Vernetzt - Johnny
Mnemonic
(Johnny Mnemonic)
Kanada / USA 1995, FSK 16
21. Jahrhundert: Johnny Mnemonic ist Datenkurier in einer vom Cyberspace beeinflussten Welt. Will heißen, er speichert große Datenmengen in seinem Hirn und liefert sie irgendwo wieder ab. Seine jüngste Ladung ist allerdings zu groß und wenn er sie nicht binnen 24 Stunden wieder los wird, platzt ihm der Kopf. Zudem sind einige Killer hinter den Daten her, die er in seinem Hirn gespeichert hat.

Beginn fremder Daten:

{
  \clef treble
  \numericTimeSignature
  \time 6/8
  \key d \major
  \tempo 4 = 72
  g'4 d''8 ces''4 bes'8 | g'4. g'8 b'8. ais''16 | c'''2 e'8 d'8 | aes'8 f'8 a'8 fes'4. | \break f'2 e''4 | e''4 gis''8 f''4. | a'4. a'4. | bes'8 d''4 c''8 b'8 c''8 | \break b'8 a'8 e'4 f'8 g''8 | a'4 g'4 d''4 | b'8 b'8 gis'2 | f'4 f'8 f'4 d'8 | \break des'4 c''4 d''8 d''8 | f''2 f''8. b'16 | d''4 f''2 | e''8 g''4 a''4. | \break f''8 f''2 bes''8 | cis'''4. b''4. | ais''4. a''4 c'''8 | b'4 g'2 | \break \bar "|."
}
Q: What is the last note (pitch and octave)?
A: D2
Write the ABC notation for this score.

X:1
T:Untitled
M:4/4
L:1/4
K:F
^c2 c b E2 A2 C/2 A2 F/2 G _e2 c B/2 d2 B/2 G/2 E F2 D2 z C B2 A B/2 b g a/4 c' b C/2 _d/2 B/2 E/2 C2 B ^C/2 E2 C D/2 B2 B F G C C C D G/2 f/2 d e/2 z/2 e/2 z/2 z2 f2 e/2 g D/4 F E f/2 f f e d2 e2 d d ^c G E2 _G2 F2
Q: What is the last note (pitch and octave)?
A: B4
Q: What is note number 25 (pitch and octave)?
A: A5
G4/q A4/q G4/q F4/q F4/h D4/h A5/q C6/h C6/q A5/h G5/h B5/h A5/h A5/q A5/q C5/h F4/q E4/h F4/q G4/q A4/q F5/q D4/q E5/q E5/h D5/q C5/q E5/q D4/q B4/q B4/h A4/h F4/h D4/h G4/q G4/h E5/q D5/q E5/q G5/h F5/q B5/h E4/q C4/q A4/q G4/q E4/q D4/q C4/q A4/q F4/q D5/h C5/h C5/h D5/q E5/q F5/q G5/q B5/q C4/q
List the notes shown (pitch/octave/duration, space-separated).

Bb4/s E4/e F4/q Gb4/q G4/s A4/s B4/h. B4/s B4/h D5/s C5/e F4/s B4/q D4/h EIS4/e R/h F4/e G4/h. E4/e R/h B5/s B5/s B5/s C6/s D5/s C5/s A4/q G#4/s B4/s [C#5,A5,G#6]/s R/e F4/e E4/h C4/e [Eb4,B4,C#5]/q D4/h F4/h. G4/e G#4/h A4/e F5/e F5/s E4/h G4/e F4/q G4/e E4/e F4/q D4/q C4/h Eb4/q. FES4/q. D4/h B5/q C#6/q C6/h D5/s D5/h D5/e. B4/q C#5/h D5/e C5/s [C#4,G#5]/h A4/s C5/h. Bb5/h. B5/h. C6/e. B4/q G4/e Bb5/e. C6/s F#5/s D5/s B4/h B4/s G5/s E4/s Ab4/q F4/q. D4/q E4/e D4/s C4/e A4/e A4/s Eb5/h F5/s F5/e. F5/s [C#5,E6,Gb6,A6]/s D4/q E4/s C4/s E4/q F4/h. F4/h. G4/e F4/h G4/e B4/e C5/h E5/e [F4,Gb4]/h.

In einer weitgehend verwahrlosten Gesellschaft, die von einigen wenigen
Megakonzernen beherrscht wird, hat der Kurier es nicht gerade leicht, sein
Problem in den Griff zu kriegen. Schließlich bleibt ihm kaum eine andere
Wahl,
als Hilfe bei den Lo Teks, einer Truppe anarchistischer Underground-Hacker zu
suchen.
Darsteller/innen: Keanu
Reeves (Johnny), Dina Meyer (Jane), Ice-T (J-Bone), Takeshi
(Takahashi), Denis Akiyama (Shinji), Dolph
Lundgren (Straßenprediger),
Henry Rollins (Spider), Barbara
Sukowa (Anna K), Udo Kier (Ralfi), Tracy Tweed (Pretty),
Falxoner
Abraham (Yomamma), Don Francks (Hooky), Diego Chambers (Henson)
Regie: Robert Longo
Beteiligte: Produzenten: Don Carmody für
Alliance / Tristar Pictures
Drehbuch: William Gibson
Vorlage: Kurzgeschichte "Der mnemonische Johnny"
von William Gibson
Musik: Brad Fiedel
Kamera: Francois Protat
Ausstattung: Nilo Rodis Jamero
Schnitt: Ronald Sanders
Kostüme: Olga Dimitrov
Filmkritiken
Cinema 10/1995: Stümperhaftes Sci-fi-Abenteuer mit Keanu Reeves als Cyberheld, dessen Schädel mit brisanten Daten vollgestopft ist. Robert Longo sollte sich für seine giga-simple Regie schämen.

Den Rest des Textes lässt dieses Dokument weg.